**EXERCISE DIRECTIONS**:
Copy out each line of the material that includes the word "Door".

--

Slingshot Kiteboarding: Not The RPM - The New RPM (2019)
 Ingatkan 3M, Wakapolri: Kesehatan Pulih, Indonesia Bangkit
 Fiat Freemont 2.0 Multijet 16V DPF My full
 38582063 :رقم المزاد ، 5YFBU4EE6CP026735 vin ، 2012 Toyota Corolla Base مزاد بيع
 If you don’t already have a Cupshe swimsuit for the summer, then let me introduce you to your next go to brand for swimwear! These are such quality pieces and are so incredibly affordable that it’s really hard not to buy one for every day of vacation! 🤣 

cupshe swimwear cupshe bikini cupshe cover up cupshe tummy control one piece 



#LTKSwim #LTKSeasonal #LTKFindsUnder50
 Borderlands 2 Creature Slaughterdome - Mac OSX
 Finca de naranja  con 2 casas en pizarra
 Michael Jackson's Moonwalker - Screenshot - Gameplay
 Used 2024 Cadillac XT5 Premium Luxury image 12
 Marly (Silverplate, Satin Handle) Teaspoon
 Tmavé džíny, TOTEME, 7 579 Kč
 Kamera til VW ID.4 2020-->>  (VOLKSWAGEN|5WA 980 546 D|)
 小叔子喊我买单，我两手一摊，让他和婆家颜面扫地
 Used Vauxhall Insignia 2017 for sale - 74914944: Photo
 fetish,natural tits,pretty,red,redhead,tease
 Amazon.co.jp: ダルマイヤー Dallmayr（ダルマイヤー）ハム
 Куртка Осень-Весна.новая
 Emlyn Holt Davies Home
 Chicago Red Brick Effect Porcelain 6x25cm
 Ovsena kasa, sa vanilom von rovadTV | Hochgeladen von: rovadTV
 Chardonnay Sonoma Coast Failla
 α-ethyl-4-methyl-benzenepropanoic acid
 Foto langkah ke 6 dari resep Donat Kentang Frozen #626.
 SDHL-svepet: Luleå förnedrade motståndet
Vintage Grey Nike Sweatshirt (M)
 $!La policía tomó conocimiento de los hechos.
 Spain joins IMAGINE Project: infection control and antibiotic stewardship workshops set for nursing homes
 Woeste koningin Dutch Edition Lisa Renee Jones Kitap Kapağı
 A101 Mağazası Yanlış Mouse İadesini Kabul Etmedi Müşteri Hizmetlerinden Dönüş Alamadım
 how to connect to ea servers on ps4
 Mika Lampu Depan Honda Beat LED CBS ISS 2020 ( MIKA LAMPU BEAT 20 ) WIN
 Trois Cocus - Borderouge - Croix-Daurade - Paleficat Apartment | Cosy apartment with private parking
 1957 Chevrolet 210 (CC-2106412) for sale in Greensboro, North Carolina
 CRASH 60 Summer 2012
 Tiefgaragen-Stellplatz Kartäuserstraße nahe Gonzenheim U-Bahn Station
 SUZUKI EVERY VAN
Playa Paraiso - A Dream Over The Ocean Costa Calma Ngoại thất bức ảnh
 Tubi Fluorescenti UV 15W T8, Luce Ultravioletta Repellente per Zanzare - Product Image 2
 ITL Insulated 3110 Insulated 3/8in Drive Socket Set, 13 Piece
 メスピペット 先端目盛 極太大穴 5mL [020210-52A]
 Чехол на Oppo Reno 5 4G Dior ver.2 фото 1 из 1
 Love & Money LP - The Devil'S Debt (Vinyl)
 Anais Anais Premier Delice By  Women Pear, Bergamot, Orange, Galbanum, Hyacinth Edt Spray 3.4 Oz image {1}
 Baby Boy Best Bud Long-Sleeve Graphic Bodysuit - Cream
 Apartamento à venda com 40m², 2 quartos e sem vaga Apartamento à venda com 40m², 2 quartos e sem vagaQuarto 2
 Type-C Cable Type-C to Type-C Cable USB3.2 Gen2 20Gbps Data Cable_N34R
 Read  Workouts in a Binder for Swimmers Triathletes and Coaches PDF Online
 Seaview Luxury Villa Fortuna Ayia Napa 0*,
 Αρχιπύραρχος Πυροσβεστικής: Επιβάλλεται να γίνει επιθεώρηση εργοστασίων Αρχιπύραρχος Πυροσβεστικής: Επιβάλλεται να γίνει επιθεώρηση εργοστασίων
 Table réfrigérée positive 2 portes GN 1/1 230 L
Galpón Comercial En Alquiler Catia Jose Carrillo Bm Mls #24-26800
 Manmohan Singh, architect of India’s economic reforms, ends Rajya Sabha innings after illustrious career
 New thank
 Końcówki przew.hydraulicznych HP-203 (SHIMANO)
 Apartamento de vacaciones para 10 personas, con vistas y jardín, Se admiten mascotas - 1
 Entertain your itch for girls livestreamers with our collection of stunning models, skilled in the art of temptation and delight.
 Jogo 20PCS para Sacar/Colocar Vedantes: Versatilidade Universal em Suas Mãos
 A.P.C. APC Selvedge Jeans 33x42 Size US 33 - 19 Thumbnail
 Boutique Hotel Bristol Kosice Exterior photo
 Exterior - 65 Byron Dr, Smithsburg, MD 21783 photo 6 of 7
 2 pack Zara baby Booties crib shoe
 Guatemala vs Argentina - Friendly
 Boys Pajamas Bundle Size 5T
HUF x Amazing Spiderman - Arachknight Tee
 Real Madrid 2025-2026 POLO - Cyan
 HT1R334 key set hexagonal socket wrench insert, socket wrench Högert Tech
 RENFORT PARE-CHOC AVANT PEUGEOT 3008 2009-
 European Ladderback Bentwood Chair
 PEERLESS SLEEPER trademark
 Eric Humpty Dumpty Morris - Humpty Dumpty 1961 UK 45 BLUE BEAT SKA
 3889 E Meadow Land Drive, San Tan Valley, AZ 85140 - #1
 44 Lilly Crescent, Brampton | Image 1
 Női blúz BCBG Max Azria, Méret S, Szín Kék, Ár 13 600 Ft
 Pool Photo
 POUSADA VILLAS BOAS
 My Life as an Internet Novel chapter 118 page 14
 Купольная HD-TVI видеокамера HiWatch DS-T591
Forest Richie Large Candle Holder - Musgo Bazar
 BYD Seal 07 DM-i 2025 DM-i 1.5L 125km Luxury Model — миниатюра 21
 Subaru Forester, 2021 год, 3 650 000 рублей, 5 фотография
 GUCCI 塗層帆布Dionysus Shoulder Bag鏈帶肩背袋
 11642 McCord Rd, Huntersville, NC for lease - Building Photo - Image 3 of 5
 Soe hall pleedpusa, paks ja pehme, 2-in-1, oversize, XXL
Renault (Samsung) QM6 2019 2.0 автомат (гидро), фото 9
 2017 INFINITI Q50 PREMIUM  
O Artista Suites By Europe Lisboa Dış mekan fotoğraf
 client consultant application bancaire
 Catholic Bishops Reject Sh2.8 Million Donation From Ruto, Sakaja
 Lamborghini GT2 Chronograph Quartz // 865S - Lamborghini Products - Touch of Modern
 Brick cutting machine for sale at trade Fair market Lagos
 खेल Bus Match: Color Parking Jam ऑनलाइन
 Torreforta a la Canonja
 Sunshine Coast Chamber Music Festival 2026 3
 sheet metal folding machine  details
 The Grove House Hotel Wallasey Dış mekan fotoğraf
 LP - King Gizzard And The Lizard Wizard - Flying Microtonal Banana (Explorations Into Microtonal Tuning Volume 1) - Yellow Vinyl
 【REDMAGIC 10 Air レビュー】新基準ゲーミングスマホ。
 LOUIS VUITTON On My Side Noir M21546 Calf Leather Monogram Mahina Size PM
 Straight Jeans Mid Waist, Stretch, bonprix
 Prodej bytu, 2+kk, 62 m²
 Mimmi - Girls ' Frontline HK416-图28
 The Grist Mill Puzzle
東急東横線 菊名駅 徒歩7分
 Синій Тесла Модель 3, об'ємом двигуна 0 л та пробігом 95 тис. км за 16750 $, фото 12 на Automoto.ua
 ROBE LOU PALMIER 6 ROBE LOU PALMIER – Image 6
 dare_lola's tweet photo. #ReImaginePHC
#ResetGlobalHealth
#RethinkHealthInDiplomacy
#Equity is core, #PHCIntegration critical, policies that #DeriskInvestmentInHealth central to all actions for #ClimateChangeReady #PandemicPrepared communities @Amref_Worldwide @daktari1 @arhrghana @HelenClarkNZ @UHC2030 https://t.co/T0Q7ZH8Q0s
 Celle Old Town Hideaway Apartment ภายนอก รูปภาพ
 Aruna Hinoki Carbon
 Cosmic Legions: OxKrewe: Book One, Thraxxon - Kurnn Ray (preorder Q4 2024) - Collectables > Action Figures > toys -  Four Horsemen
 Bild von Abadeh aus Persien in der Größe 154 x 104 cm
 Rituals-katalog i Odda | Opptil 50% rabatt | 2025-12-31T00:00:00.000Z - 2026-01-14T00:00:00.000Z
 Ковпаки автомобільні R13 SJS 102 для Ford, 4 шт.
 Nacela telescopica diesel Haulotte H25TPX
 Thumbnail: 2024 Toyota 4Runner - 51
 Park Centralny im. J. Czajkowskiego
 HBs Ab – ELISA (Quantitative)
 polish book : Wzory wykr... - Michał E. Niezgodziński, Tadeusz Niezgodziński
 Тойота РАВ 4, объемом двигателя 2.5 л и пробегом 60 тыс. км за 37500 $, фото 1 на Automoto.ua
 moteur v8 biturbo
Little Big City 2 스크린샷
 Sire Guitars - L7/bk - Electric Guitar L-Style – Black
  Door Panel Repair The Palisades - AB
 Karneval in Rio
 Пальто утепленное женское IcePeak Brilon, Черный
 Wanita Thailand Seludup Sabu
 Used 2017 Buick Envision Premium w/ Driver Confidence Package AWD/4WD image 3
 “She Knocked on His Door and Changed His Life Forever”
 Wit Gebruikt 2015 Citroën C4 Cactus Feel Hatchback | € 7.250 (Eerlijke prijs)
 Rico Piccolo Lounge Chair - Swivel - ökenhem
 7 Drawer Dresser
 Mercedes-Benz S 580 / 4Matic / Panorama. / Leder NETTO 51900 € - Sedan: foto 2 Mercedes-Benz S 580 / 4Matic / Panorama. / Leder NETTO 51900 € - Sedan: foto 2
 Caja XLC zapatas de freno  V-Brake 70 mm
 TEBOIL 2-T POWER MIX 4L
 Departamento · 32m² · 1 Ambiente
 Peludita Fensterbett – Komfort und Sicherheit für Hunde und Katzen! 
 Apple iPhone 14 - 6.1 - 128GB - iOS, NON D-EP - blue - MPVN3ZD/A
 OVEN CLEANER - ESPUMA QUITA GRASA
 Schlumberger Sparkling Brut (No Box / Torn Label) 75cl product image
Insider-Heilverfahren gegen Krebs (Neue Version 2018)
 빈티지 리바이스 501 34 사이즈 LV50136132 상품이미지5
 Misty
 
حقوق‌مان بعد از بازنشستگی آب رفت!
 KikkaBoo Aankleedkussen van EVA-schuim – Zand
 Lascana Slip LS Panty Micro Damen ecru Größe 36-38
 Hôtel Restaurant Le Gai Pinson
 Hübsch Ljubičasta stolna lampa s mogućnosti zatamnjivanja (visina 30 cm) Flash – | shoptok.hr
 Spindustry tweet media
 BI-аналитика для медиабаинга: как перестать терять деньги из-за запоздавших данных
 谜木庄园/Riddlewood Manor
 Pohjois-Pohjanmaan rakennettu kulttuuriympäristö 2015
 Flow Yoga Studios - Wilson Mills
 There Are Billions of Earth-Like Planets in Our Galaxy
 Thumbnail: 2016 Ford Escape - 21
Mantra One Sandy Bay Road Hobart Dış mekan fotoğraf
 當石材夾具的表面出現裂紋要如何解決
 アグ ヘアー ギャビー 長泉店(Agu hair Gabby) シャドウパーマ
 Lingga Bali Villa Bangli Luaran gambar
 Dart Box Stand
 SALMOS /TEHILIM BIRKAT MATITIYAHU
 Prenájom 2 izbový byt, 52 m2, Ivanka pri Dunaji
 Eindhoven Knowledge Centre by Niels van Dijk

--

**REPLY**:
  Door Panel Repair The Palisades - AB
 “She Knocked on His Door and Changed His Life Forever”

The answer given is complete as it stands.